◆ **What is being asked**:
Your answer must consist of exactly the lines below, starting with the line with "Vtg 60s/70s Retro" and going on through the line with "Detailed dimensions and", and nothing else.

◆ **Data for processing**:
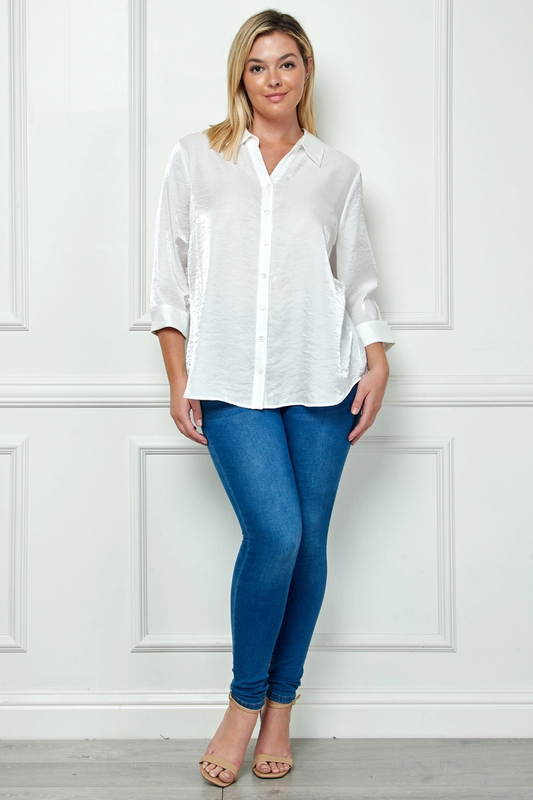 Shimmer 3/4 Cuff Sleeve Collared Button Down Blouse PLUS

--

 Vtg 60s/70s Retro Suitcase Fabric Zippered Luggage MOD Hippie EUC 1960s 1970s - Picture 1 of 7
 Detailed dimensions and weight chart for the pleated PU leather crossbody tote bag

◆ **Solution to this exercise**:
 Vtg 60s/70s Retro Suitcase Fabric Zippered Luggage MOD Hippie EUC 1960s 1970s - Picture 1 of 7
 Detailed dimensions and weight chart for the pleated PU leather crossbody tote bag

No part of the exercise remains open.